* INSTRUCTIONS TO FOLLOW *
After finding the line with "The Gale, Flora" in the entries below, retype exactly each line from there through the line with "John Deere 110KG", including that final line.

* ENTRIES SHOWN *
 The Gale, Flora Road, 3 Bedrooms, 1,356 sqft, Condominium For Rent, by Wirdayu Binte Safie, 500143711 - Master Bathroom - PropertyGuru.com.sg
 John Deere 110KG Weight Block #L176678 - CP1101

==

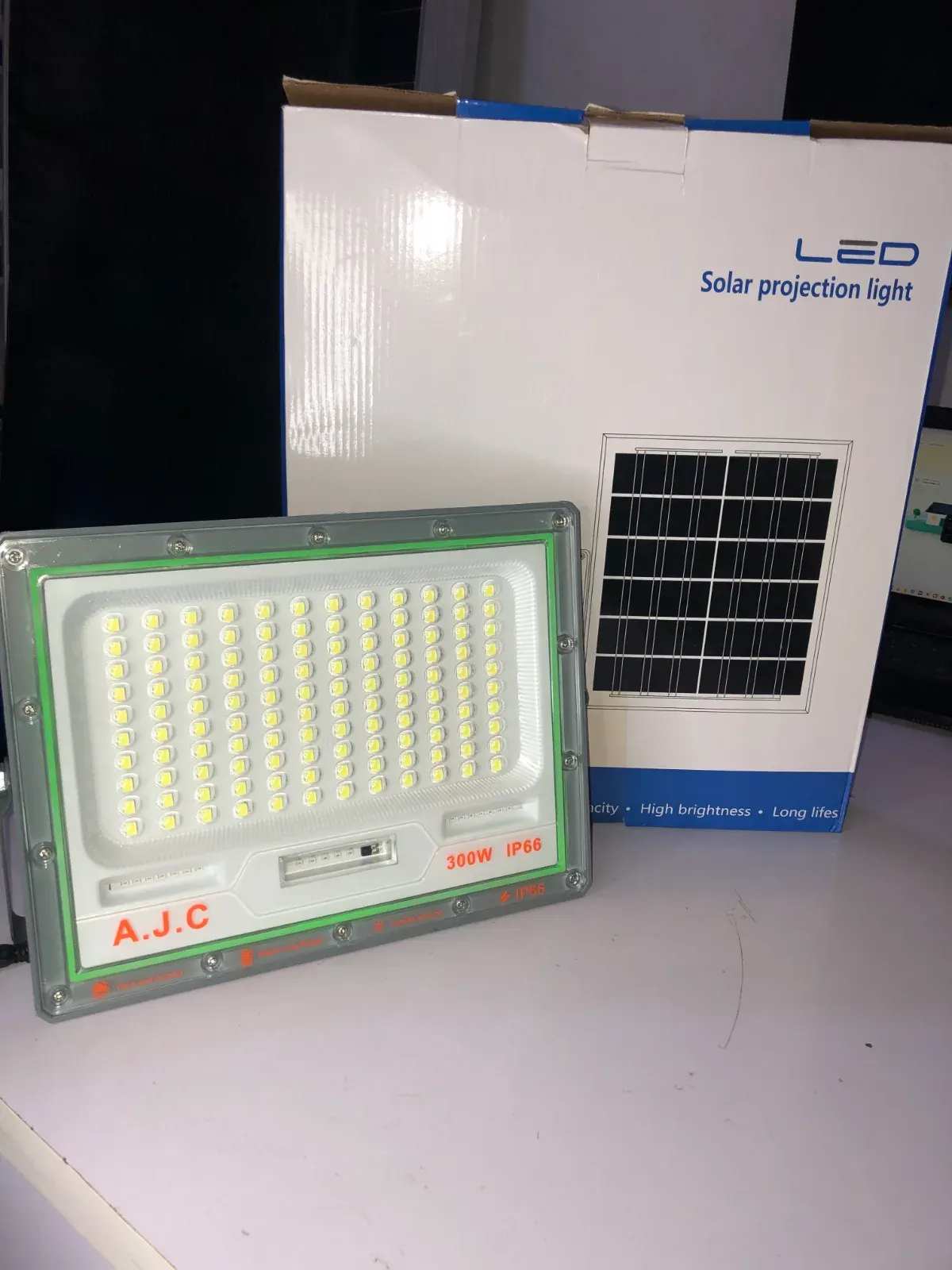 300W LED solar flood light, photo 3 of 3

* * *

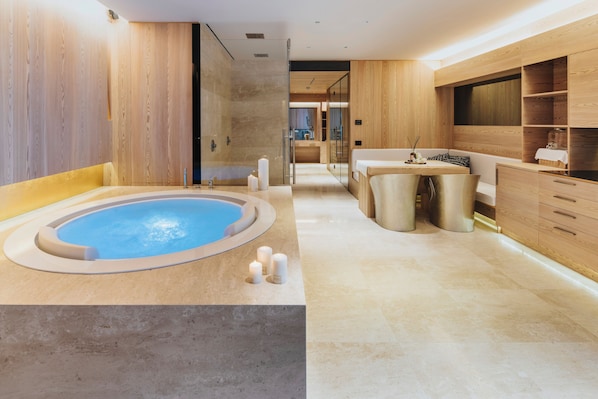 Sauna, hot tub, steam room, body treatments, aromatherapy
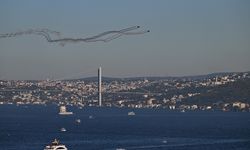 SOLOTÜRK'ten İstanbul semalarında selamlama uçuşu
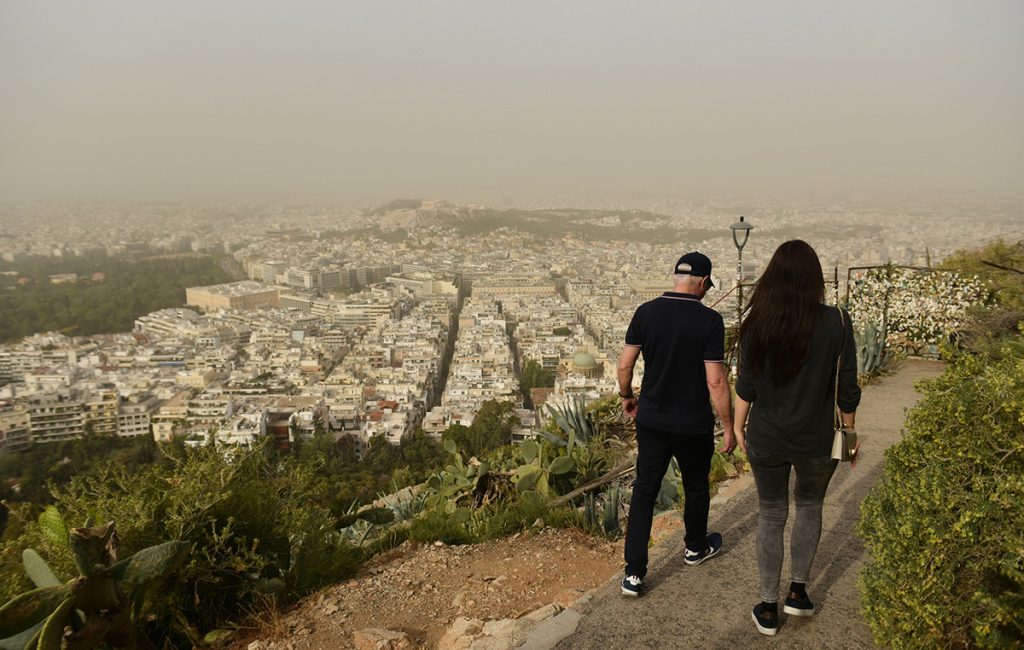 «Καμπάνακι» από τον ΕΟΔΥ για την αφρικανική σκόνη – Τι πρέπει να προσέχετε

* TASK RESPONSE *
 The Gale, Flora Road, 3 Bedrooms, 1,356 sqft, Condominium For Rent, by Wirdayu Binte Safie, 500143711 - Master Bathroom - PropertyGuru.com.sg
 John Deere 110KG Weight Block #L176678 - CP1101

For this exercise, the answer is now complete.